Businesses today, particularly established players, hold a huge amount of data. Equally, new entrants will likely overstore data without the right architecture in place. APIs have supported the speed of data in and out of businesses, while Open Banking means organisations’ consumption of data will only increase over the next decade.

Digitising banking

Digital is moving at such a rate that many are struggling to keep up. Many banks have made headway in the front layer via portals or apps. As this is the layer the customer sees this approach appears logical; in reality the other layers in the system must be able to support it.

Digital means real time and advanced. If an appropriate architecture is built, systems and services will keep pace with expectations and, more importantly, be sustainable. This would move us to a place where banking and financial services become systemic in leading the evolution, and defining the revolution too. That will require not only a digital interface, but also the ability to maintain pace and be one step ahead. Self-learning will be essential.

The DataLabs challenge

We were challenged to find a solution whereby banks and other financial service providers could maximise data – specifically Open Banking data and transactional data sharing – to better inform decisions. That could mean credit application decisions or deciding which products best suit which customers throughout the lifetime. However, in its raw state, transactional data just adds more complexity.

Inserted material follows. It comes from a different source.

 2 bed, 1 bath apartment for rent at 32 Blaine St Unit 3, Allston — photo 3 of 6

It was immediately evident that the ability to categorise the data would be essential. Categories that correlated to actual spending and income patterns – such as utility bills, or recreational spending – would make the data much more meaningful.

The strategy of approach

We created a strategy using a small set of test data and gained enough evidence that our approach would scale up for larger datasets.

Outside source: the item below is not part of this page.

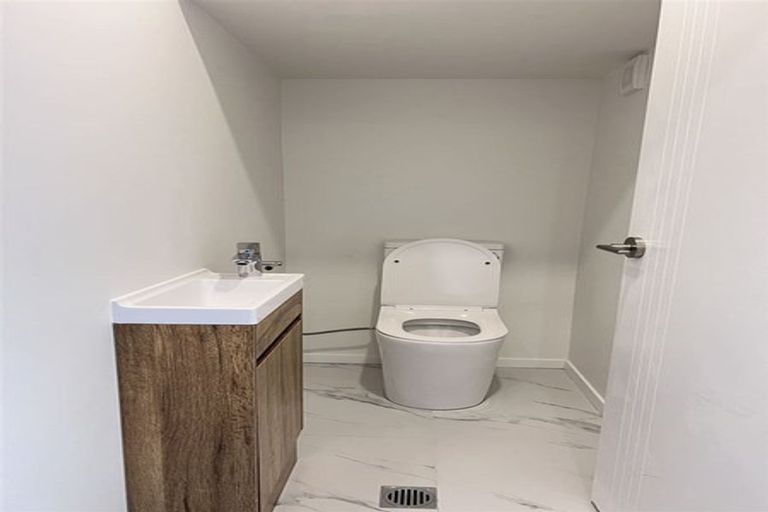 Photo of property in 8a Neptune Avenue, Beach Haven, Auckland, 0626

We planned to use machine learning to group expenses, reducing the overall flow of data and creating meaningful and usable categories that gave insight into financial behaviours. This informed the taxonomy we used. (Taxonomy is the categories we use within the system to group income and expenses based on a common factor in the transaction)

We intended to use the data to give a granular depth of information into customer behaviours, meaning the taxonomy required a certain level of granularity. Here we needed to ensure the level of detail presented back was enough to give the required insights.

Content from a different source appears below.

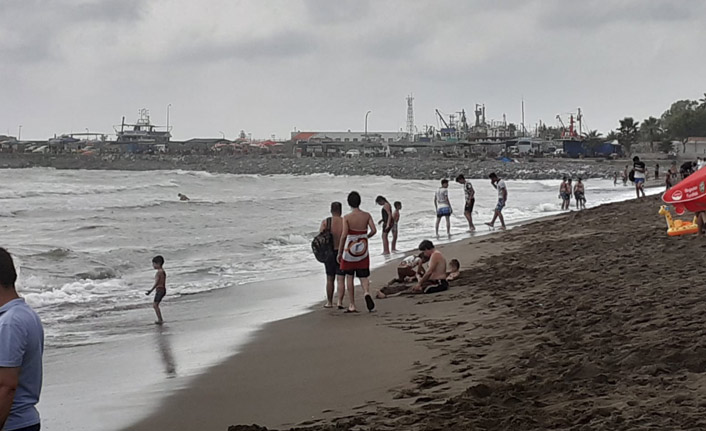 Hatay'da 1 günde 6 kişi boğulma tehlikesi geçirdi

Connecting the data was also important. As well as matching the data with our own, we combined it, updated it, completed it where needed, and created a single customer view. We then enhanced it by categorising through similarities aligning it with a clear taxonomy.

From here, we created Trusso, which is a categorisation engine that is built using machine learning which can categorise bank account data into categories. Read more about it here

The outcomes and conclusion

The potential and business value for categorisation through Trusso is enormous – especially in the context of customer churn, retention or cross selling.

Very soon banks, and every business, will need to compete in a real time environment to a much more sophisticated level. This means moving to a place where they can decide, in seconds, whether to offer a loan and what type of loan it should be. This is a massive change from where the market is today.

Machine learning is often deemed as a black box, offering quick and easy solutions to those who know little or nothing of the inner workings. So while the results are transformational, we believe they should be applied with discretion. Machine learning offers a much more granular approach for the cases which require more accuracy than classical models. However, where classical models suffice, we would advocate these be used in place of machine learning of this kind.

We are in a data insight environment where we are not only catching up with society, but trying to innovate, balance risk and reward, and compete too. This is a huge opportunity and can be achieved through implementing the right advanced analytics framework and tools.

The concept of machine learning and artificial intelligence has long been a trend, but this trend is not going away. In fact, it’s a solution that responds to a trend, offering an opportunity to accelerate business models and, ultimately, better serve businesses and communities and reduce unnecessary risk.